*** Records shown
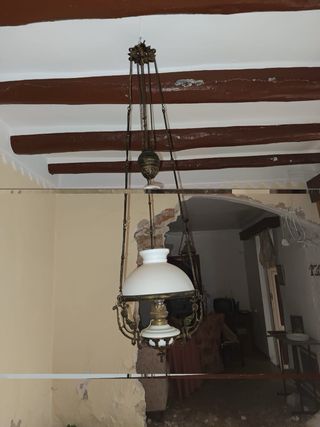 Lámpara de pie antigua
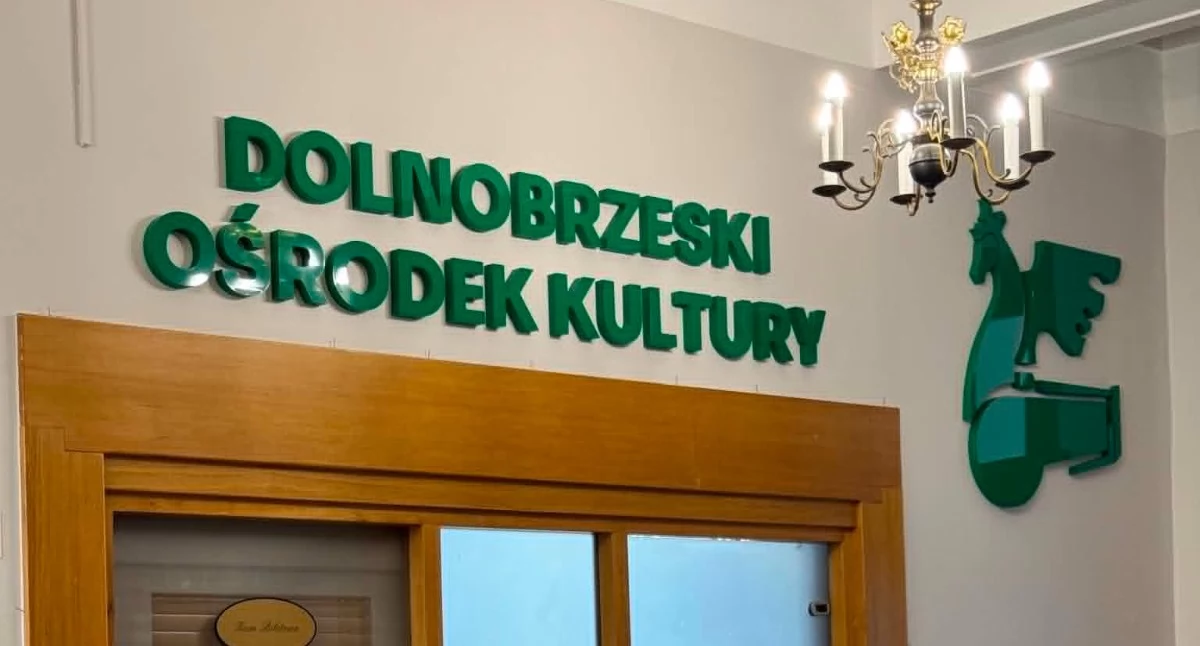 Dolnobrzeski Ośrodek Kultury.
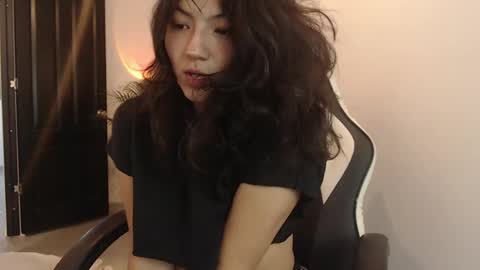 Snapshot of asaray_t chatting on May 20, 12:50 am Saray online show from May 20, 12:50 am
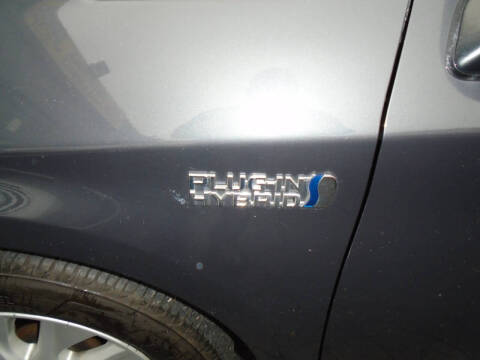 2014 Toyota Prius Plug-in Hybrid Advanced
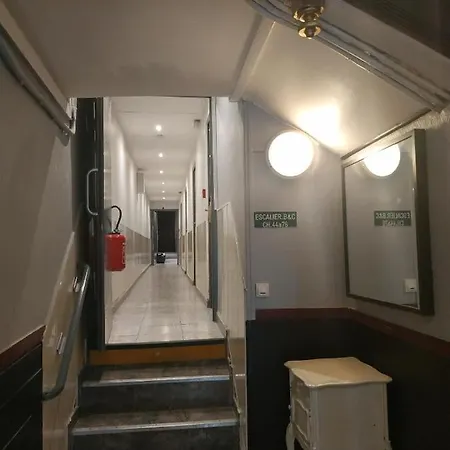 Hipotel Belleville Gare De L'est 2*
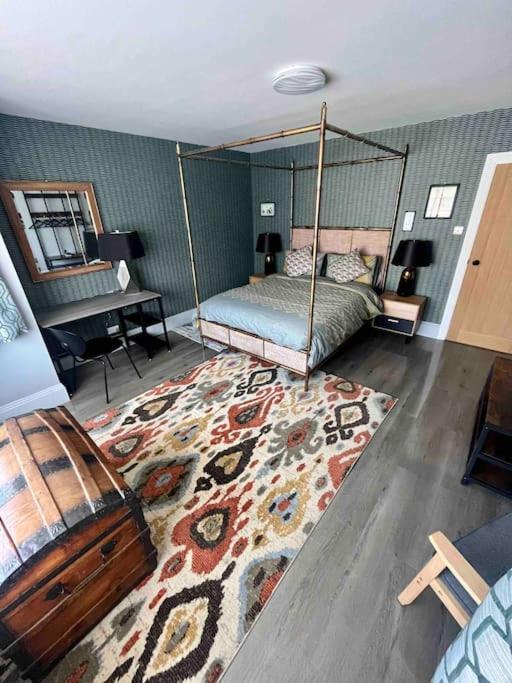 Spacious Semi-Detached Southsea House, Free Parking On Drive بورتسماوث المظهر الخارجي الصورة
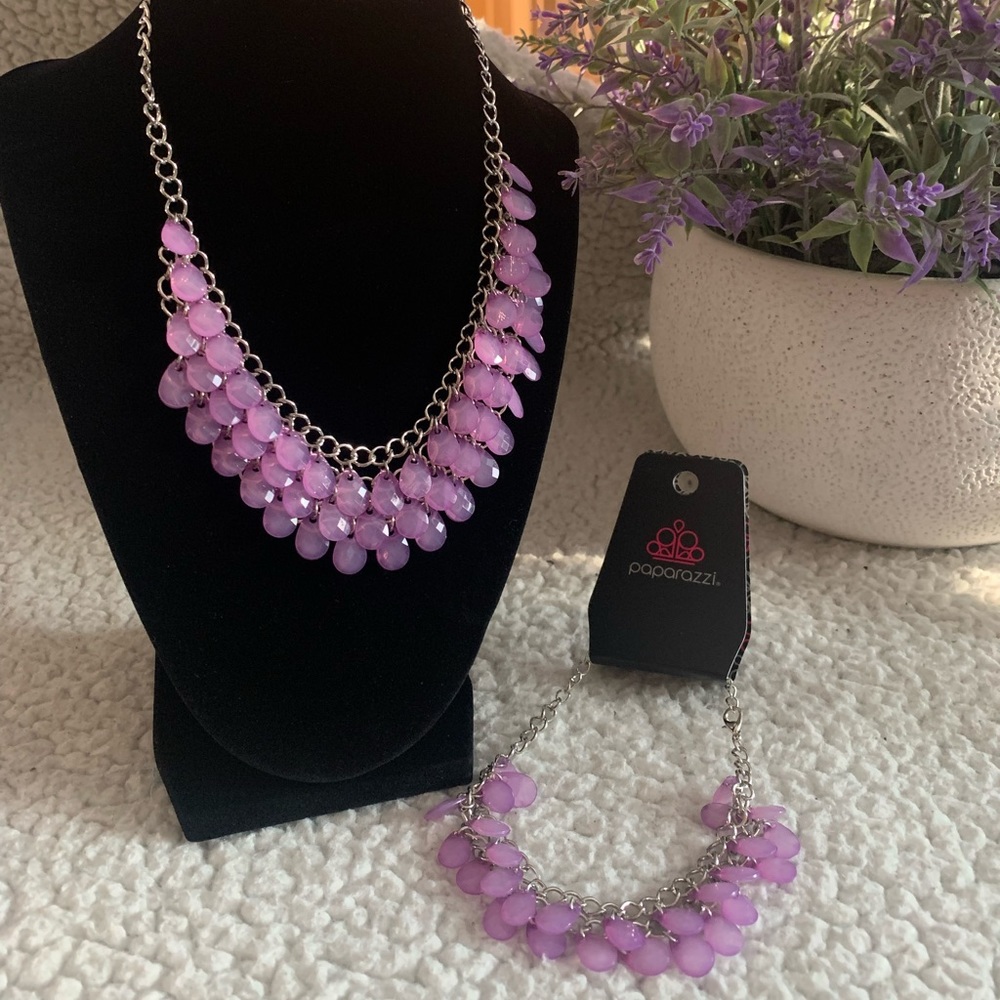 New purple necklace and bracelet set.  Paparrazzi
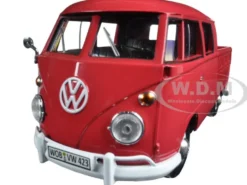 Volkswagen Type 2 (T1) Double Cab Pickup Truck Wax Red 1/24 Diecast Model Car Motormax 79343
******
*** Records shown
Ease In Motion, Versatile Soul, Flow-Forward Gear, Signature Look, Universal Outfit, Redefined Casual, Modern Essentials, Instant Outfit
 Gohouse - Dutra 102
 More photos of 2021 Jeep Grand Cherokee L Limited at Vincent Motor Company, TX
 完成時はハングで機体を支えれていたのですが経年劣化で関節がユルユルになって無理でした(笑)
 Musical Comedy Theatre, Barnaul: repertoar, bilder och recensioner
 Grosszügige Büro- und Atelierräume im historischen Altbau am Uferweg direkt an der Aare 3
******
*** Records shown
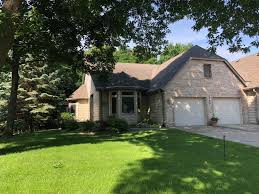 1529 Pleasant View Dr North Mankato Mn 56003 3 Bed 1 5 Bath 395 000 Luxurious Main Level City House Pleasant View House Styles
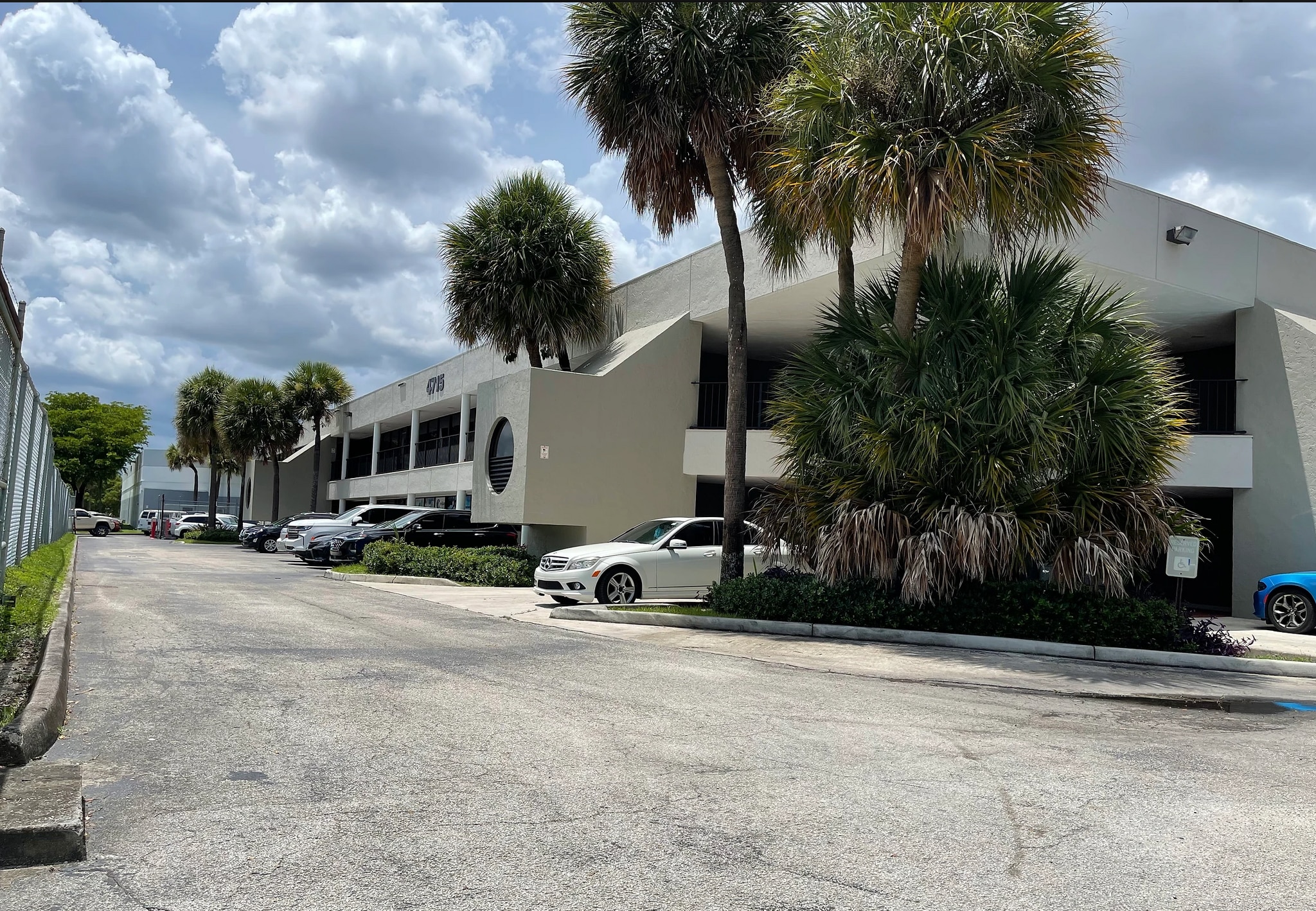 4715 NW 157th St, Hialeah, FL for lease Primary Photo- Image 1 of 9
******
In the records above, find the line with "Lámpara de pie antigua" and the line with "New purple necklace", then restate word for word only those two lines and all lines between, omitting pictures.

§ Answer for this exercise:
 Lámpara de pie antigua
 Dolnobrzeski Ośrodek Kultury.
 Snapshot of asaray_t chatting on May 20, 12:50 am Saray online show from May 20, 12:50 am
 2014 Toyota Prius Plug-in Hybrid Advanced
 Hipotel Belleville Gare De L'est 2*
 Spacious Semi-Detached Southsea House, Free Parking On Drive بورتسماوث المظهر الخارجي الصورة
 New purple necklace and bracelet set.  Paparrazzi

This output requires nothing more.